Estados com maior déficit de análise acumularão prejuízos econômicos crescentes. Mato Grosso possui aproximadamente 150 mil CARs aguardando homologação. Pará ultrapassa 350 mil. Amazonas sequer divulga números confiáveis dado o atraso processual. Produtores destes Estados permanecerão indefinidamente vulneráveis a embargos enquanto produtores de Estados com melhor estrutura administrativa gozarão de segurança jurídica plena. Esta disparidade federativa gera distorções concorrenciais que afetam a competitividade regional.
O impacto no acesso ao crédito rural será devastador. Instituições financeiras exigem garantias de regularidade ambiental para liberação de financiamentos. Com CAR pendente e possível ausência de licença, bancos restringirão crédito ou elevarão taxas para compensar risco jurídico adicional. O custo do veto será repassado ao produtor através de spreads bancários maiores, reduzindo margem de lucro e capacidade de investimento do setor.
Contratos de arrendamento e parcerias rurais enfrentarão obstáculos adicionais. Arrendatários evitarão propriedades com CAR pendente dado o risco de embargo durante a vigência contratual. Proprietários terão dificuldade em valorizar economicamente suas terras enquanto aguardam homologação que pode nunca ocorrer dado o estoque crescente de processos nos órgãos ambientais.
A comercialização da produção sofrerá restrições progressivas.
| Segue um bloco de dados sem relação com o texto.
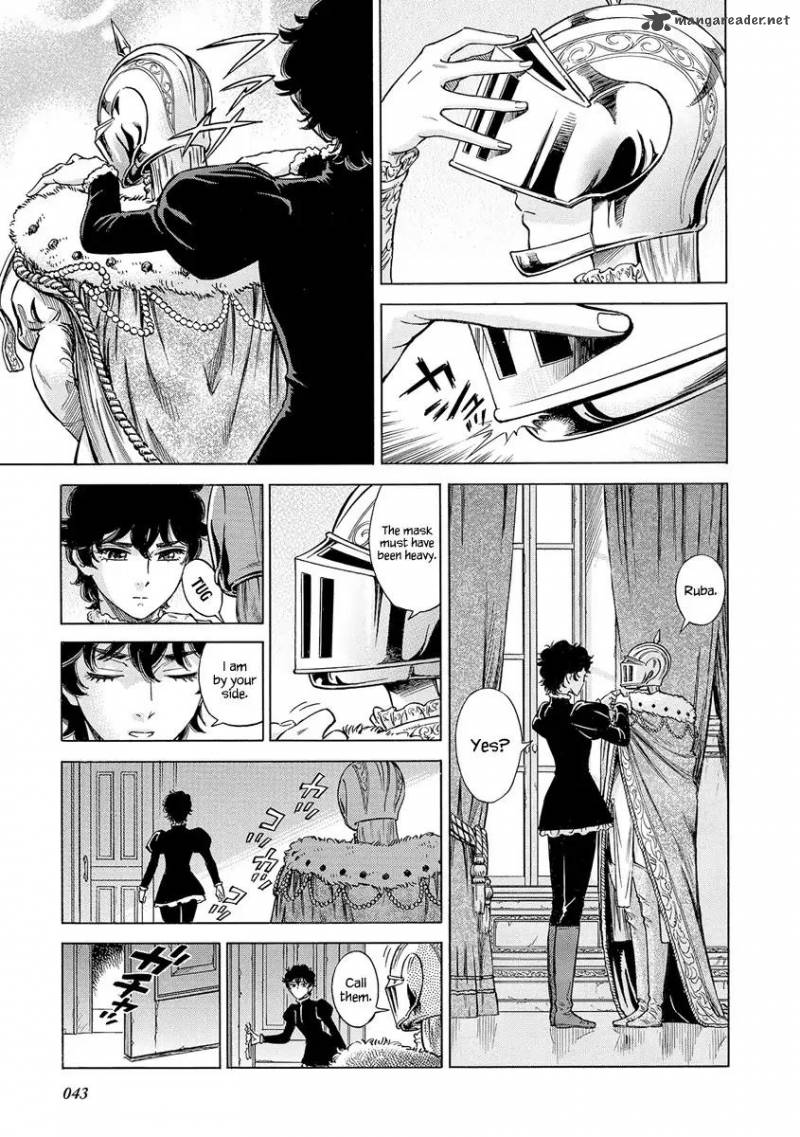 Stravaganza Isai No Hime 26 46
Tradings e agroindústrias implementam políticas de rastreabilidade que exigem comprovação de origem legal da produção. Propriedades com CAR pendente enfrentarão dificuldades para integrar cadeias produtivas que demandam certificação ambiental. O veto criou categoria de produtores em limbo regulatório que não conseguem comprovar regularidade mesmo cumprindo todas as obrigações legais.
O cenário internacional agrava as consequências. Mercados importadores europeus e asiáticos intensificam exigências de conformidade ambiental. O Regulamento Europeu de Produtos Livres de Desmatamento demanda comprovação de legalidade da produção. Propriedades com CAR pendente não conseguirão atender requisitos de certificação, perdendo acesso a mercados premium que remuneram melhor a produção sustentável.
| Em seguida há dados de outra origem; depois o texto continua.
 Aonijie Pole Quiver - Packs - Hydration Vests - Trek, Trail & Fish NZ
A judicialização será caminho inevitável. Produtores prejudicados buscarão tutela judicial através de mandados de segurança preventivos, ações declaratórias de regularidade e indenizações por embargo indevido. O Judiciário será sobrecarregado com demandas que poderiam ser evitadas com solução legislativa adequada. Decisões conflitantes entre diferentes tribunais ampliarão insegurança jurídica que a lei deveria eliminar.
O veto representa vitória do formalismo burocrático sobre a racionalidade regulatória. Mantém-se ficção de controle ambiental através de controle rígido e burocrático sobre as propriedades do Brasil, que somam quase 8 milhões. Produtores cumpridores da lei são penalizados pela ineficiência estatal enquanto degradadores reais permanecem impunes pela mesma incapacidade fiscalizatória que impede análise dos CARs.
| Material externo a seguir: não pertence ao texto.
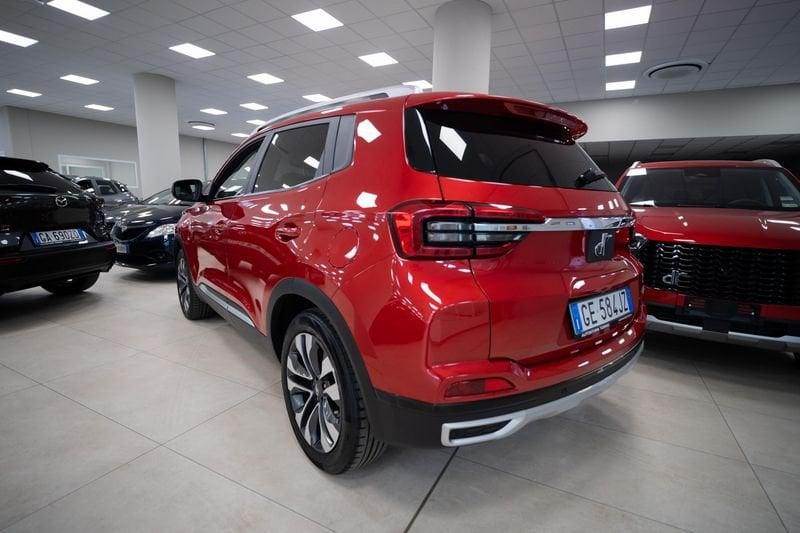 DR AUTOMOBILES dr 4.0 1.5 turbo Gpl 149cv dct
A mensagem transmitida ao setor produtivo é a mesma: o governo reconhece que atividades agropecuárias em conformidade florestal não necessitam licenciamento, mas condiciona esta dispensa a variável processual fora do controle do produtor: a homologação que está na mão do Estado. Cria-se loteria regulatória onde a segurança jurídica depende da sorte de estar o Estado com capacidade administrativa adequada e do momento processual do cadastro quando da fiscalização.
O resultado final contraria completamente os objetivos declarados da lei. Ao invés de simplificação e racionalização, obteve-se complexificação e irracionalidade. Ao invés de segurança jurídica, ampliou-se incerteza. Ao invés de desburocratização, criou-se burocracia intermitente mais nociva que a anterior. O veto transformou avanço potencial em retrocesso efetivo, perpetuando e agravando problemas que a lei deveria resolver.